O disco Para a lusofonia… Nasce um novo dia, produzido pelo excelente Gabriel Marinho, será lançado pelo selo Mondé. O projeto promete consolidar artisticamente a conexão feita pelo MC entre a cultura hip hop e a lusofonia, estabelecida desde 2013. Em fase final de produção, o novo projeto chega quando seu disco de estreia, Quando a bossa encontra o rap, completa uma década. Se o espaço “entre discos” pode ser considerado longo em se tratando da fluência de lançamentos que o mercado pede e/ou necessita, é importante observar que seu primeiro disco continua a reverberar e a abrir novas possibilidades dentro do rap, e assim deve funcionar com seus novos passos dentro da música junto ao movimento lusófono. Mantendo-se constante e enxergando novas possibilidades em meio a um tempo em que passado e futuro são discutidos com certa indulgência pelo público, Vinícius Terra oferece as habituais solidez e inovação em seu novo disco.

Por falar em inovação, percebam que: a bossa-rap de Vinícius se mantém atualíssima; o movimento lusófono é um leque cultural amplo que está em processo de descoberta pelo mercado brasileiro, inclusive sendo, em conjunto com a cultura hip hop e Vinícius Terra, destaque num dos maiores eventos culturais da América Latina, a Flip 2017; outras iniciativas lideradas pelo MC, como o Terra do Rap, tomam formas e contextos maiores dentro do cenário atual, abrindo possibilidades sólidas para novas maneiras de ocupar espaços dentro da cultura hip hop.

Novos espaços criados para que novas formas de enxergar e trabalhar a cultura hip hop sejam postas em prática.

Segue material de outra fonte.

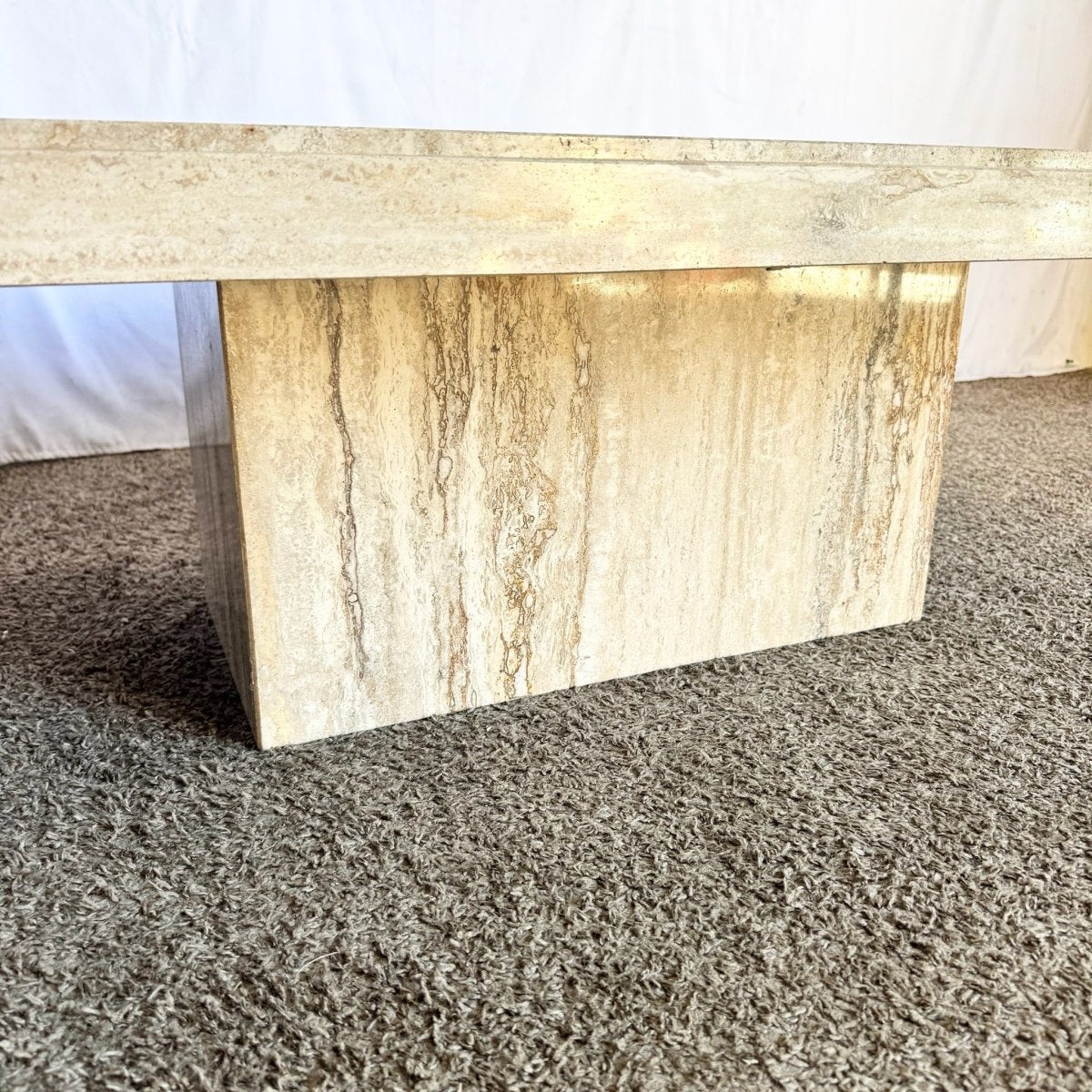 Vintage Italian Rectangular Travertine Coffee Table - Dolphin & Flamingo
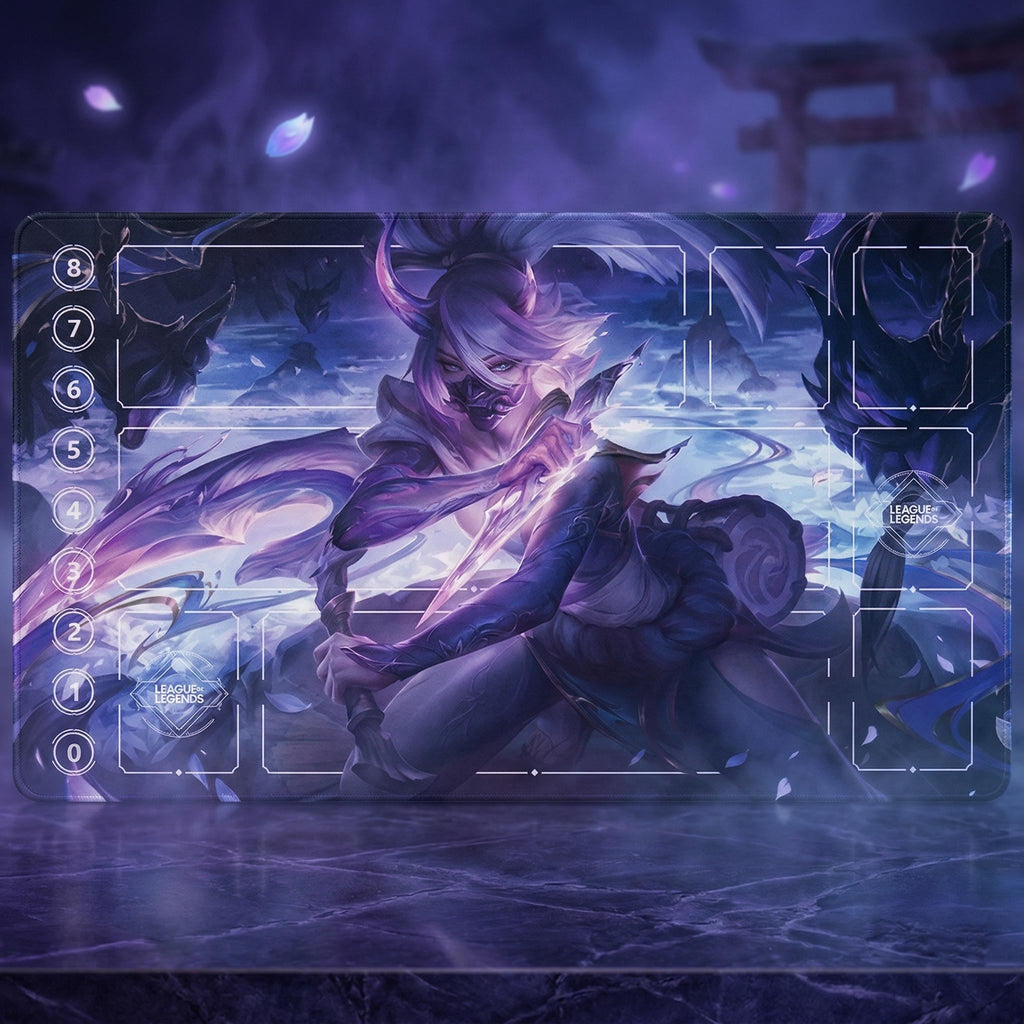 Akali Riftbound Playmat Stitched Edges - League of Legends Inspired Trading Card Game - 24" x 14" inches (600 x 350 mm)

Esse texto não é necessário para ratificar o trabalho de Vinícius Terra em todas as funções e projetos que realiza, para isso basta estar atento ao tempo presente em toda a sua extensão. Extensão que agora passa a ser geográfica também, ampliando espaços e alcançando todos os países lusófonos. Criar espaços no tempo presente. O que resta é esperar a alvorada lusófona de Vinícius Terra.